Spreadsheet Prevalence

Commercial off-the-shelf spreadsheet programs are one of the most popular end-user programming environments in use today (Burnett, Cook, & Rothermel, 2004), and have become ubiquitous, and in many cases indispensable software tools throughout industry and within all levels of the business world. Some of the reasons spreadsheets are so popular in end-user computing is that they are easy to develop and modify, they are highly scalable, and they support numeric data analysis without the specific need to use a ‘behind the scenes’ programming environment. Spreadsheet programs are also extremely flexible in terms of size and complexity: the 2007 version of Microsoft Excel can support over 1 million rows and 16 thousand columns per worksheet, with a maximum formula length of 8 thousand characters per cell.

It has been estimated that by 2012 there will be 90 million end-users in the U.S. alone and of these 13 million will be end-user programmers; which is significantly higher than the estimated 3 million professional programmers in the U.S. by the same year (Scaffidi et al., 2005). Purser and Chadwick (2006) stated that “commonly known – though unpublished and intentionally unconfirmed by Microsoft – Excel has an install base of 90% on end-user desktops” (p. 185).

The reported usage of spreadsheet programs spans a wide variety of job functions, purposes and industries. In a survey of nearly 1600 respondents, Baker et al. (2006) found that spreadsheets were used by end-users in various job functions including finance, engineering, manufacturing, marketing, sales, HR etc., and for many different purposes, such as maintaining lists, analysing data, tracking data, determining trends etc. Maybe more so than of any other industry, spreadsheets are of critical importance to the finance sector (Croll, 2005). In a study on the use of spreadsheets in organisations in the City of London, Croll (2005) found that with regard to the financial markets “Excel is utterly pervasive.
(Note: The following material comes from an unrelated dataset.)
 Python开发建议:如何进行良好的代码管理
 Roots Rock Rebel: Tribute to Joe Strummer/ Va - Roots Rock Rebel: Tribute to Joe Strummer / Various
Nothing large (good or bad) happens without it passing at some time though Excel” (p. 3).

Spreadsheet Reliability

Worryingly, the reliability of end-user developed spreadsheets has been shown to be poor following empirical and anecdotal evidence collected from studies investigating operational (real world) spreadsheet error rates, most of which are detailed in previous studies (Panko, 1998; Panko, 2000; Powell, Baker, & Lawson, 2008). The most recent study that investigated spreadsheet error rates was conducted by Powell, Baker and Lawson (2007), who reported that of the 50 real-world operational spreadsheets they audited, 94% contained errors. Due to the nature of spreadsheet use, it is the case that when failures do occur the results can be quite significant. Many real world examples of the impact of errors in spreadsheets are published on the European Spreadsheet Risks Interest Group website (www.eusprig.org). The following is just a small selection of these reported errors:

  • A government housing authority had to pay $216,352 to cover expenses incurred as a result of a spreadsheet data-entry error that overpaid landlords.

  • A spreadsheet error caused the Nevada City 2006 budget to show a deficit of $5 million for a water fund.

  • In 2005, a Kodak employee was mistakenly accrued an $11 million severance. A Kodak spokesman said the severance error was traced to a faulty spreadsheet, and the money was not paid out.

  • Stock prices for an online retailer tumbled by 25% in one day, and the Chief Financial Officer resigned due to a single number mis-recorded in one cell of a spreadsheet.

  • Numbers entered as text lost a school £30,000 from its budget.

  • A finance company was undercharged $25,652 for rent in 1999 due to an error in a spreadsheet formula.

  • A Legislative Auditor found a government department’s key performance indicator value overstated by $58 million (45%). The miscalculation was due to a spreadsheet formula error.

The reported and published spreadsheet errors are just the tip of the iceberg. Very few organisations report embarrassing spreadsheet errors and their impacts, and details of these errors only enter the public domain when it becomes unavoidable. From correspondence with professionals that cannot be published, there appears to be many instances of such errors throughout industry that remain behind closed doors.